# Amyone know where I can get long suction cup clips from please?



## ojustaboo (18 Oct 2017)

Hi all

I have a few long suction cup clips, I have no idea where I got them from.  I would like to get some more, but no matter what I google for, I always end up with the normal ones.

Here is a pic I just took, I'm after the longer one on the left (for 12mm pipe)

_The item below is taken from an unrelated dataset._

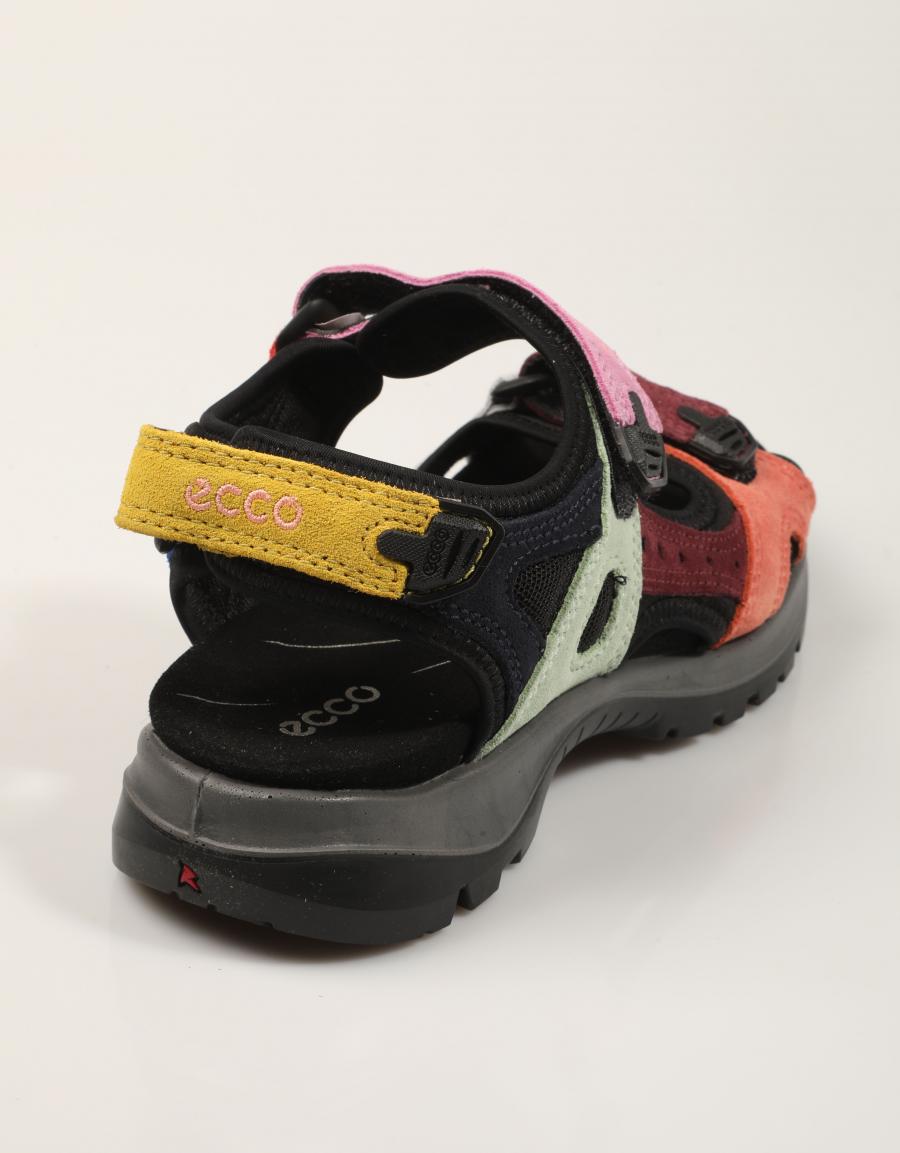SANDALIAS ECCO OFFROAD  06956361661 en color Multicolor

Has anyone any idea where I can get them from please?

Many thanks


----------



## Silviu Man (18 Oct 2017)

Hi!
Such kind of clips comes together with my e901 Cristal Profi. Can be used on the back side of the tank for positioning the pipes in proper position or for spray bar. Maybe you can try to search for spare parts (accessories) of this kind of external filter.


----------



## Silviu Man (18 Oct 2017)

Is this what you need ?


----------



## Silviu Man (18 Oct 2017)

Or this, 12/16 ...


----------



## Silviu Man (18 Oct 2017)

https://www.amazon.de/JBL-Fix-Set-CP-e700-900/dp/B001SEK76O


----------



## Edvet (18 Oct 2017)

https://www.thingiverse.com/thing:2460785
https://www.aquariacentral.com/foru...nal-filter-for-250g-aquariums-hw-304a.220347/


----------



## ojustaboo (18 Oct 2017)

Many thanks, given me something to search for.  The JBL fixsets are ideal, however I'm not paying £30 for 6 suction cups and clips (£9.71 per pack of two)

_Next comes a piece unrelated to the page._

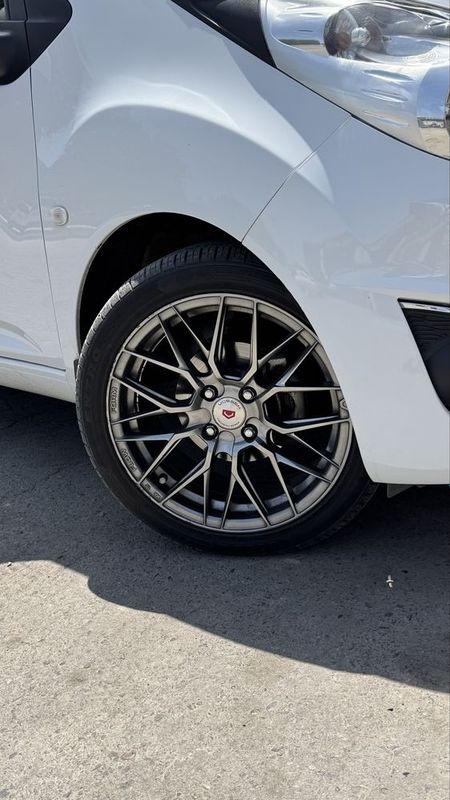 Vossen R16 205/45/16 gopro yumsho balonda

The sunsun filters look interesting, I believe the APS filters are the same but rebranded. So will hunt out spares for both of those to see if I can come up with anything

A very quick google and I can get 10 of the normal short ones delivered for £3.99. That's more the price range I'm wanting


----------



## ojustaboo (18 Oct 2017)

Sadly, I still cant find them at a half decent price and I don't own a 3D printer  (don't think my wife would be pleased if I used this as an excuse to buy one   )

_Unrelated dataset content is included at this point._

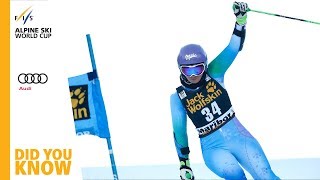 Did You Know | Maribor | Ladies' Giant Slalom/Slalom | FIS Alpine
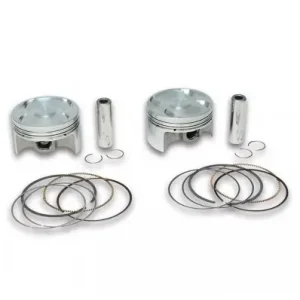 Coppia pistoni racing Malossi per cilindri originali Yamaha T-Max 500 04-11- Esclusivo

Edit:  £6 for 4 at fish fish fish including outlet pipes etc.  But not sure if they are 12mm

https://www.fish-fish-fish.com/superfish-aqua-pro-qs-accessories-kit-23056-p.asp


----------



## Konsa (18 Oct 2017)

Hi
Where are U based?
If in Uk can send U some free of charge as I have from my Tetratech filters and  dont use them
Regards Konsa


----------



## ojustaboo (18 Oct 2017)

Many thanks you have a PM


----------